Where Thomas dug up some bones.

While Nan and Grandpa took a breather.

And then it was time to go outside to re-create the same photo that we took on our trip 9 years ago. Never gets old.

Then we caught the Birds of Prey show – because if there’s one thing the Ishida’s won’t pass up on vacation, it’s a Birds of Prey show. This one at the museum was great, mainly because you are asked to stand in the middle while the birds fly over you from one perch to another. All we needed was a little more shade in the 90 degree heat.

Oh, and P.S. I have a new love for Owls.

I’m also not very good at catching birds in flight.

Thankfully some of them stayed still for a close up.

After about 5 hours at the museum, we headed back to Sunriver and enjoyed our time at Sharc before heading home. I was smart enough to pick up some bug spray during the day so I could safely step outside to capture a gorgeous sunset and moon.

Sunriver was fun but it was time to move on (or we couldn’t call this a roadtrip, right?). Tomorrow: Crater Lake.

Great Oregon Road Trip: Lava River Cave

To see a map of our entire journey and photos from our first day of travel, click here. The first half of our Volcanic Monument visit is here.

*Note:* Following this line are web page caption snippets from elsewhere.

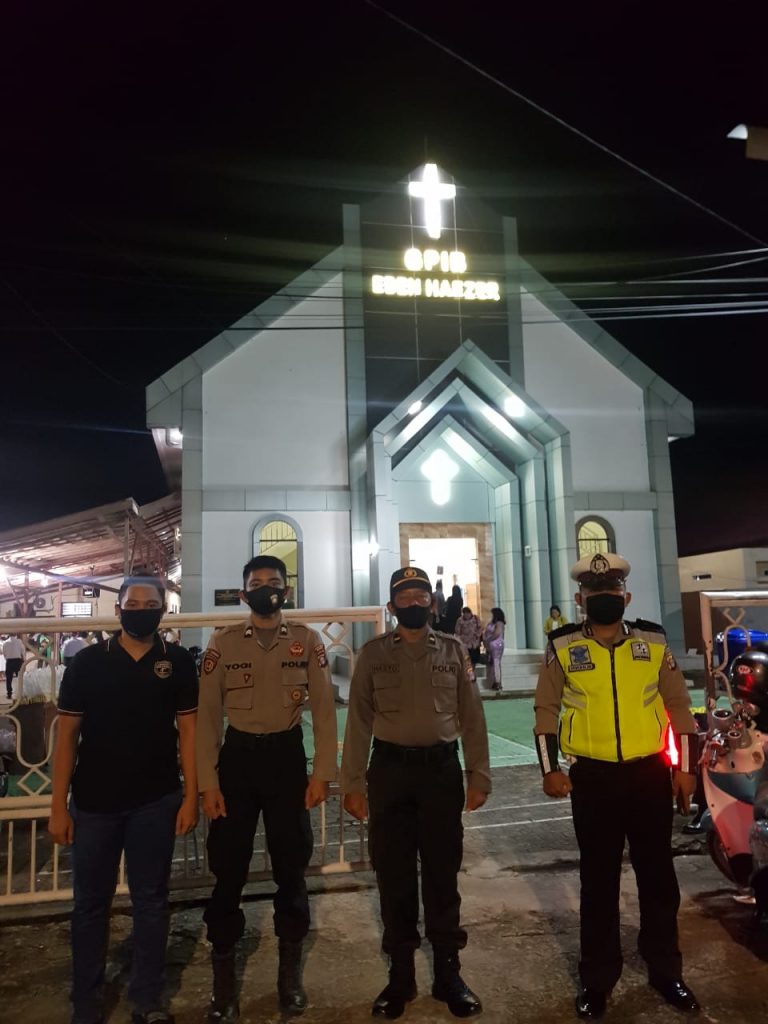 Pastikan Ibadah Minggu Lancar, Polres Paser Berikan Pengamanan di Gereja WhatsApp Image 2020 07 20 at 11.18.10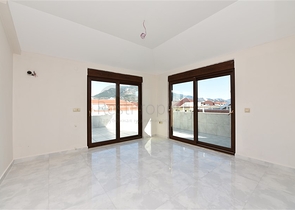 Пентхаус планировки 6+1 с прямым видом на море в Кестеле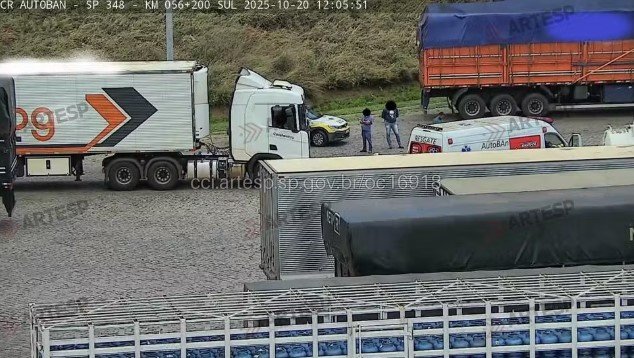 Homem é encontrado morto dentro de cabine de carreta às margens de rodovia em Jundiaí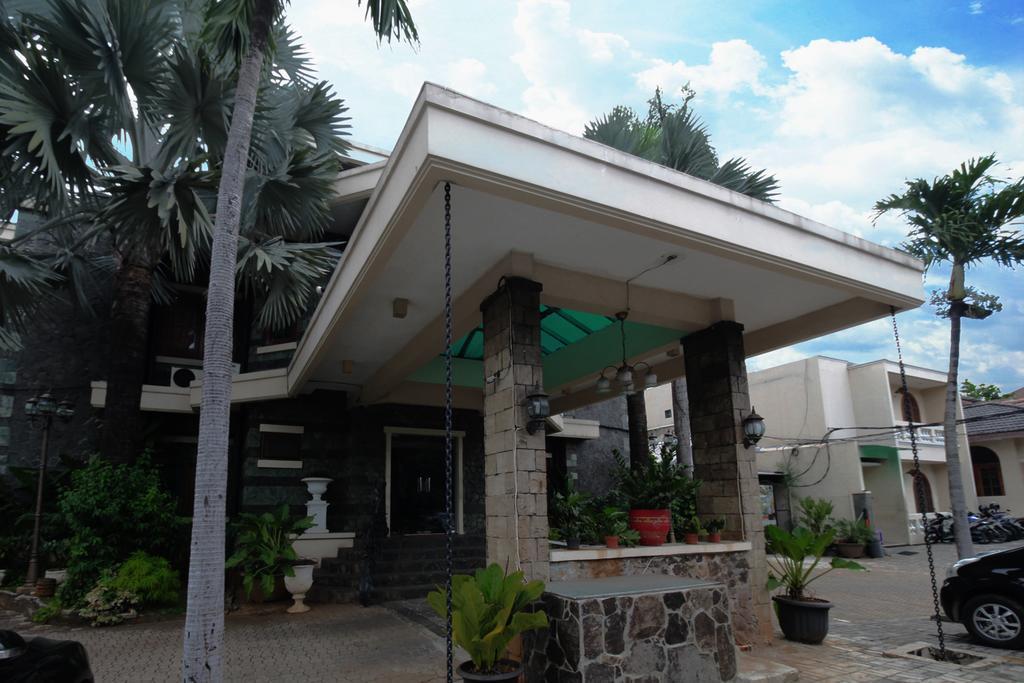 Arimbi Pejaten Suites Yakarta Exterior foto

More Great Oregon Road trip posts.

We decided to stop at the Lava River Cave on our way back to Sunriver. There was a little trepidation thanks to this warning on the website:

It takes approximately 1.5 hours to tour the entire cave. Initial access descends 150 stairs to an uneven floor and can be challenging. Please wear close-toed shoes and warm clothing. Average temperature in the Cave is 42 degrees Fahrenheit.

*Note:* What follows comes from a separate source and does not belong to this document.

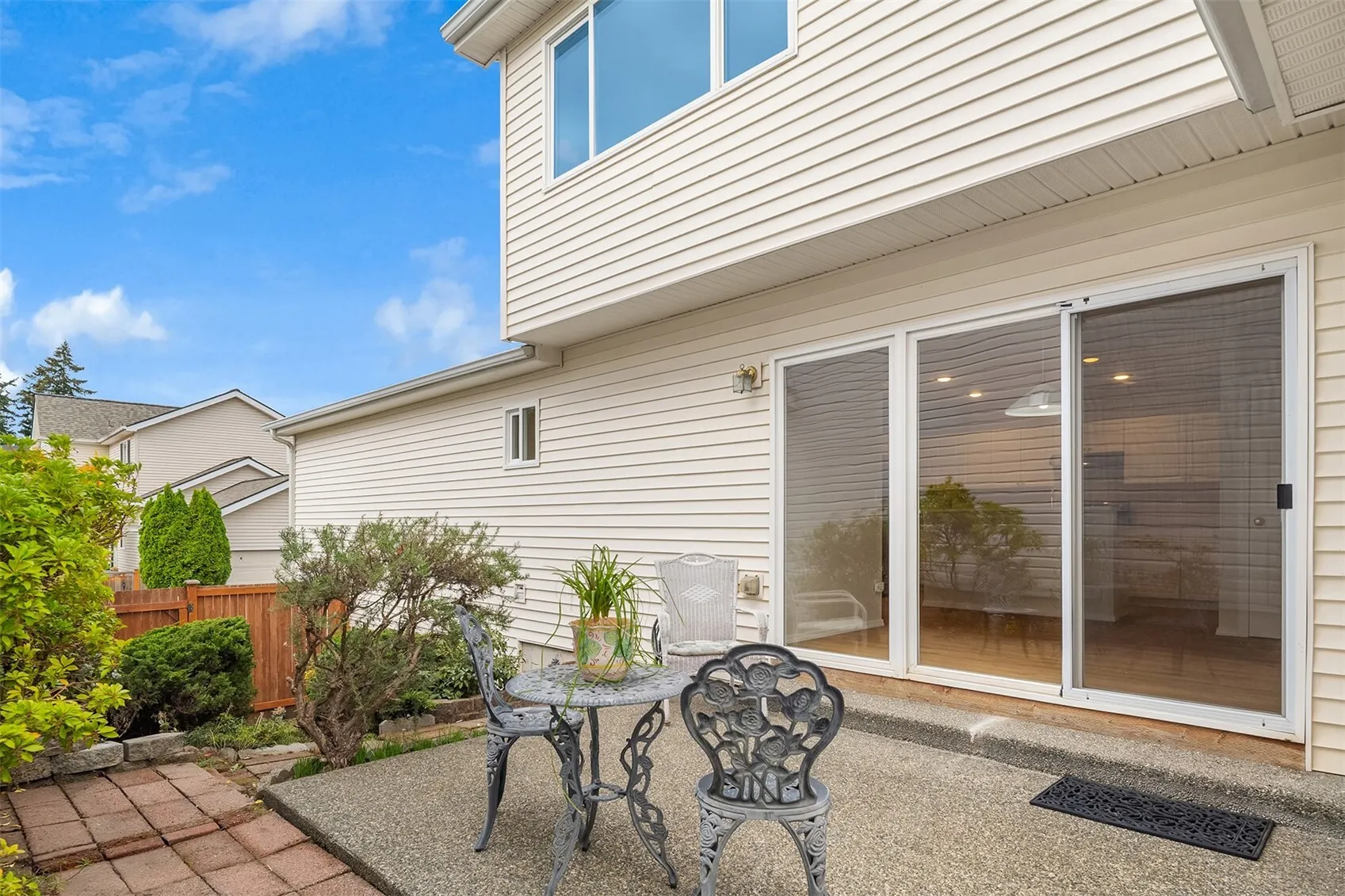 523 Redmond Place NE, Renton, WA 98056-3988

But of course we were all up to the challenge, even after we were told to rent a lantern because, and I quote the guide, “there is NO light at all down there”. Dum dum dummmmmmmm.

The most surprising thing to me as we approached the cave, apart from the swarm of bees that surrounded the entrance, was the dramatic drop in temperature. We hadn’t even reached the cave opening when it felt like the temperature dropped from a comfortable to 85 to around 60F. It was a little spooky.

We descended the 150 stairs which weren’t too bad at all. Five year old Samuel had no problem with them and my parents didn’t find them too strenuous. In fact Samuel wasn’t even the youngest child we passed in the cave. I’m not sure if I’d recommend it for younger children, however. Five seems just about right.

At the bottom of the stairs we found ourselves in absolute and total darkness. No false advertising here. So you won’t be surprised to know that I took very few photos in the cave. It’s hard to find focus when you can’t see what you’re focusing on. Still, we managed to have a little fun with the lantern light.

Disembodied legs. Spooky.

The cave itself was pretty fascinating. The beginning of it was a little rocky and we had to be careful with our footing but about half way through we found ourselves in a perfectly formed tunnel with a sandy surface. The hike was flat and easy for the most part.

Sadly we didn’t quite make it to the end. We arrived late in the day and they told us that there would be a ranger in the cave to start guiding people out with plenty of time before the park closed. I think we had about 10 minutes of hiking left to make it to the end so we were a little disappointed, but the ranger assured us that, by that point, we’d seen most of what the cave had to offer.

The walk back was a lot quicker and we soon found ourselves back outside in the Summer heat.

I’m glad we decided to tour the Lava caves. It was definitely unlike anything I’d experienced before. Here are a few tips based on our experience:

  • Don’t tour the cave if you’re afraid of the dark.
  • This cave doesn’t have any tight spaces so it’s perfect if you like your caves…well…cavernous.
  • I probably wouldn’t recommend the cave for children younger than five unless they have experience hiking.
  • Wear comfortable shoes (we saw some people hiking in flip flops – insanity!).
  • Wear sensible clothing and definitely bring a jacket. 90 minutes is a long time when you’re cold.
  • Bring your own flashlights and lanterns if you want to save a little money. They have kerosene lanterns for rent but they’re not for kids so we had to take turns with our headlamp. One more would have been useful.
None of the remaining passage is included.